ARTICLE
C'est la lombalgie chronique qui pose problème
La lombalgie est définie comme « une douleur lombo-sacrée,
médiane ou latéralisée, avec possibilité d'irradiations
ne dépassant pas le genou mais avec prédominance de la douleur
dans la région lombo-sacrée » [5]. Le diagnostic de lombalgie
non spécifique est posé après avoir éliminé
une lombalgie spécifique, en rapport avec une cause inflammatoire, traumatique,
tumorale ou infectieuse. Sa prise en charge par le médecin généraliste
est plus ou moins complexe en fonction de son stade évolutif.
La HAS différencie 3 modalités d'évolution des lombalgies
non spécifiques [6] :
- aiguë, au-dessous de 4 semaines ;
- subaiguë entre 4 et 12 semaines ;
- chronique après 3 mois.
On peut y ajouter les lombalgies récidivantes (au moins 2 épisodes
aigus à moins d'un an d'intervalle).
Les lombalgies non spécifiques représentent 90 % des lombalgies
prises en charge par les professionnels de santé. La lombalgie chronique
ne représente que 7 à 10 % de l'ensemble des patients souffrant
de lombalgie non spécifique, mais est responsable à elle seule
de 2/3 des journées de travail perdues et de 3/4 des coûts d'indemnisation
[7].
Les deux principaux objectifs sont donc d'éviter le passage à
la chronicité d'une part et d'assurer une prise en charge efficace de
la lombalgie chronique d'autre part. Pour atteindre ces objectifs, quel que
soit le stade évolutif de la lombalgie, il est nécessaire d'assurer
:
- une prise en charge efficace de la douleur ;
- une recherche des facteurs à l'origine de la lombalgie ;
- une prise en charge de ces facteurs, si possible en secteur libéral
avant d'envisager l'orientation du patient vers un centre de médecine
physique et de réadaptation (CMPR).
Une prise en charge efficace de la douleur
Elle est bien codifiée dans la lombalgie aiguë et subaiguë
Elle doit obéir à trois grands principes fondamentaux [2, 7]
:
mettre en route un traitement médicamenteux efficace avec utilisation
d'outils de mesure de la douleur ;
- ne pas prescrire de repos absolu, maintenir une activité en levant
les attitudes d'inhibition et ne prescrire un arrêt de travail que si
celui-ci est réellement nécessaire ;
- ne pas dramatiser l'événement par des conseils trop restrictifs
(concernant les activités physiques en particulier), une surmédicalisation
ou un abus d'examens d'imagerie.
En effet, le retentissement psychologique de l'épisode aigu initial
peut entraîner une réduction d'activité par peur du mouvement.

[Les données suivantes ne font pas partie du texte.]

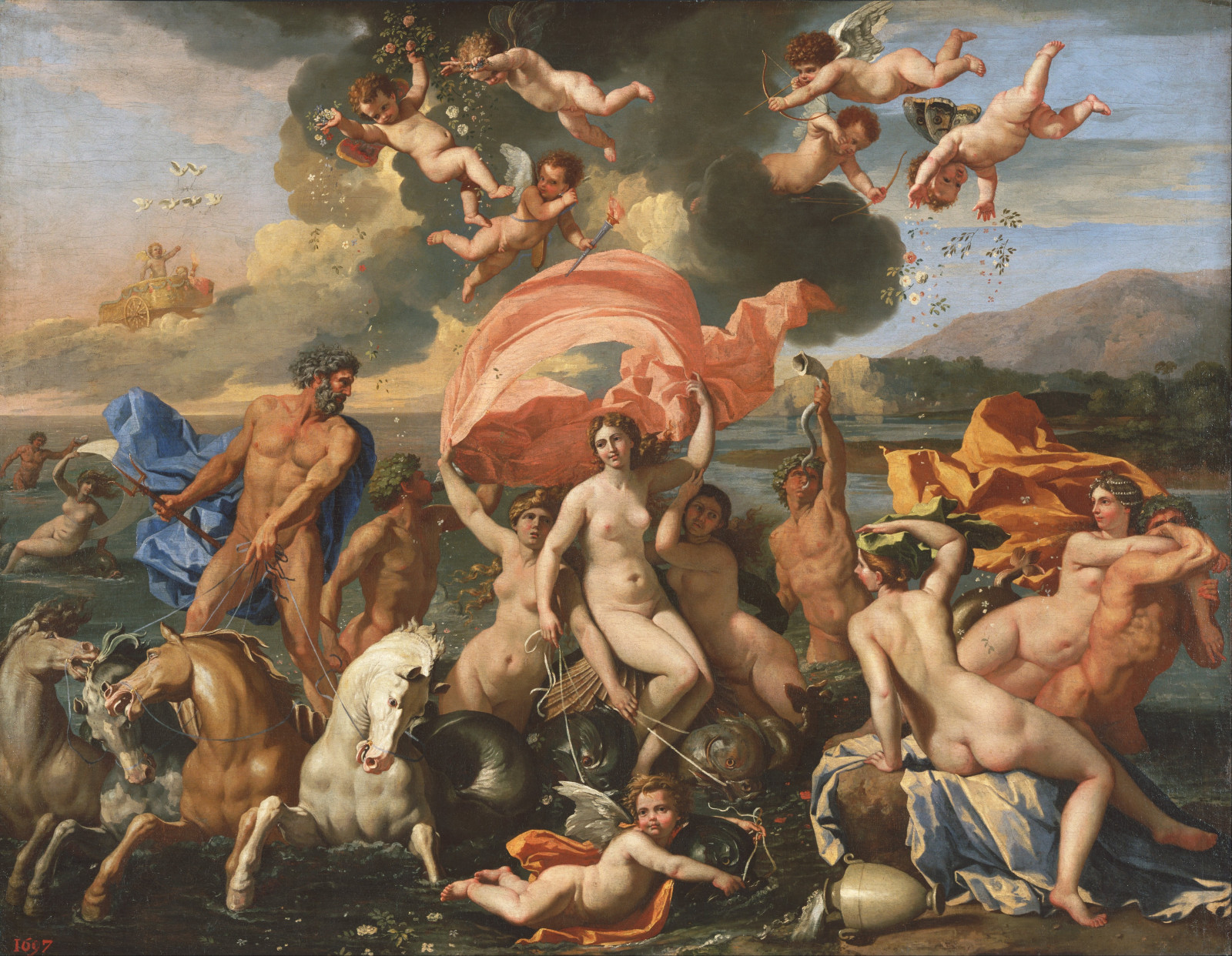 5409x4200 px, mythologie grecque, Neptune, La peinture, Poseidon, temple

Ces peurs, croyances et conduites d'évitement [8], ont été
identifiées comme des facteurs favorisant l'évolution vers une
lombalgie chronique.
Elle est parfois complexe dans la lombalgie chronique
À la douleur physique s'associe souvent une douleur morale avec parfois
une réaction dépressive. La prise en charge ne se limite pas à
des prescriptions médicamenteuses, mais doit également être
abordée sous l'angle cognitivo-comportemental [9-11]. Le médecin
généraliste prend en charge cette douleur chronique en première
intention. Il peut faire appel à des équipes pluridisciplinaires
spécialisées dans la prise en charge de la douleur [2, 12].

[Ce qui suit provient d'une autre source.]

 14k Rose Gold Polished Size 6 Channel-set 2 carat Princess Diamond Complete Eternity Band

La recherche des facteurs à l'origine de la lombalgie
Ils sont d'ordre physique, comportemental, professionnel, psychologique et
socio-économique (tableau 1).
Pour évaluer au mieux les facteurs physiques et compléter les
données de son interrogatoire et de son examen clinique, l'aide du masseur
kinésithérapeute est précieuse : celui-ci fournit au médecin
un « bilan diagnostique de masso-kinésithérapie » (BDK),
véritable outil de coordination et de qualité des soins, au contenu
bien identifié [5, 13]. Il évalue en particulier les déficiences
physiques et les incapacités fonctionnelles (par exemple, l'évaluation
de la force musculaire doit être assurée par l'utilisation de tests
isométriques, objectifs et reproductibles).
Que faire en ambulatoire ?
La plupart des lombalgies aiguës disparaissent en quelques jours.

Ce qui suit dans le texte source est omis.